Lafı fazla uzatmayalım, baş hesap uzmanı Kemal Kılıçdaroğlu’nun son zamanlardaki en derin hesapları Cumhurbaşkanlığı adaylığı üzerine yoğunlaşmış durumdaydı. Ama önünde aşması gereken bir dizi engel vardı. Kendisi ve yakın çevresi dışında “Kazanamayacak aday” olarak imlenmişti. Gelinen noktada Kemal Kılıçdaroğlu, Gezi Parkı davası sanığı Osman Kavala’ya ağırlaştırılmış müebbet hapis verilmesini fırsata çevirerek adaylığını dolaylı yollardan açıkladı. Son grup toplantısında hükümeti eleştiri yağmuruna tutarken konuşma metnini birden katlayıp kenara koyuşu, yeni bir sayfa açışı, tam da bir hesap uzmanına yaraşır biçimde gerçekleşmiş ve tüm bu olup bitene önceden kurgulanmamış süsü vermek için adaylık ilanını “varılan siyasal yol ayrımının kaçınılmaz sonucu” gibi göstermiştir. Ya da öyle göstermeye çalışmıştır…

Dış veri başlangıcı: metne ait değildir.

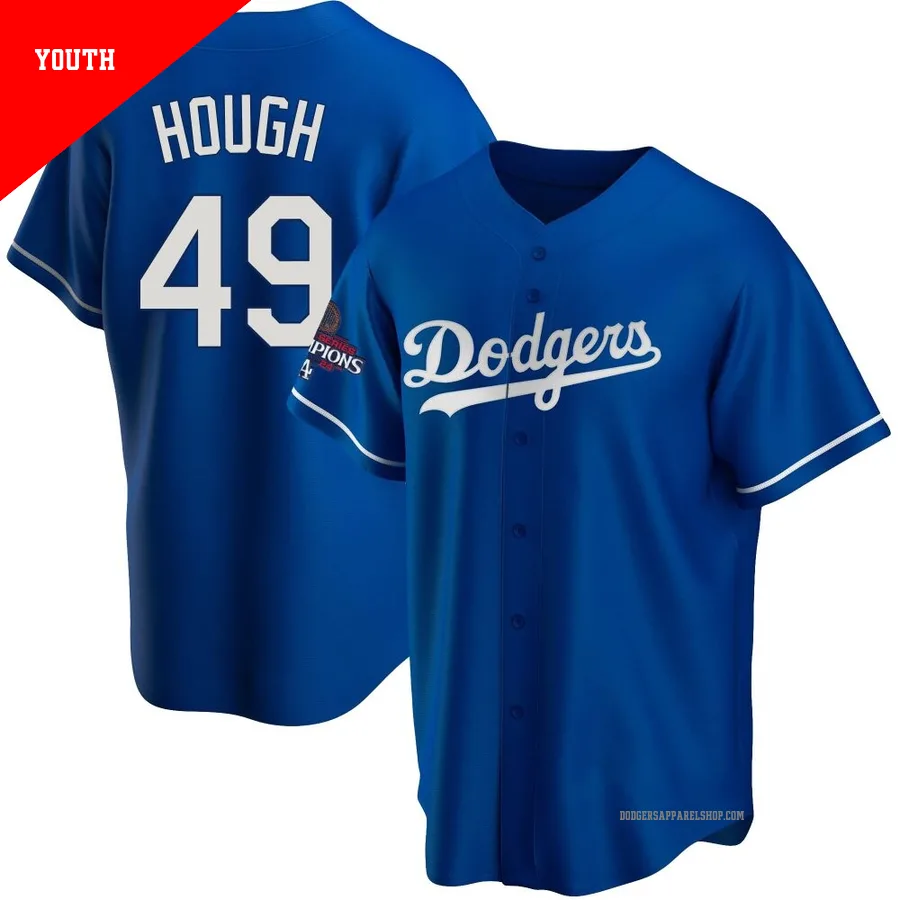 Youth Los Angeles Dodgers ＃49 Charlie Hough Royal Replica Alternate 2024 World Series Champions Jersey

Zaten kendisinden başka kim kalmıştı ki geriye, İstanbul türlü felaketlerle cebelleşirken elit zevklerinden ve gizli ajandasından taviz vermeyen İmamoğlu’yla, gözle görülür hiçbir hizmeti olmamasına rağmen pohpohlanan ve Ümit Özdağ’ın göreve çağırmasıyla “dış güçlerin adayı” hâline gelen Mansur Yavaş karşısında?

Kemal Bey, 12 dakika süren son grup toplantısında, "Ya şimdi bana katılın, ya da yolumdan çekilin" restini kendi milletvekillerine ve parti üyelerine çekerek kendisinden başka isimleri Cumhurbaşkanı adayı olarak düşleyenleri hızara vermiştir. Ama bu adaylık ilanını yine arka sokaklardan dolanarak yapmıştır. Çünkü o baş hesap uzmanıdır. Bu vesileyle, gittikçe bayağılaşan ve bozuk plaktan çıkan tıngırtıyı tekrarlamaktan öteye geçemeyen 6+1 toplantılarının da sırrına vakıf olunmuştur. Her toplanışta ideal cumhurbaşkanı tarifi yeniden yapılarak âdeta taraflara menü dışından sipariş isteme hoyratlığına kapılmaması gereği ikaz edilirken diğer yandan süreci olabildiğince sündürerek ittifakın aday çıtasını Kim oluyorsa olsun bezginliğine indirmek gerekiyormuş.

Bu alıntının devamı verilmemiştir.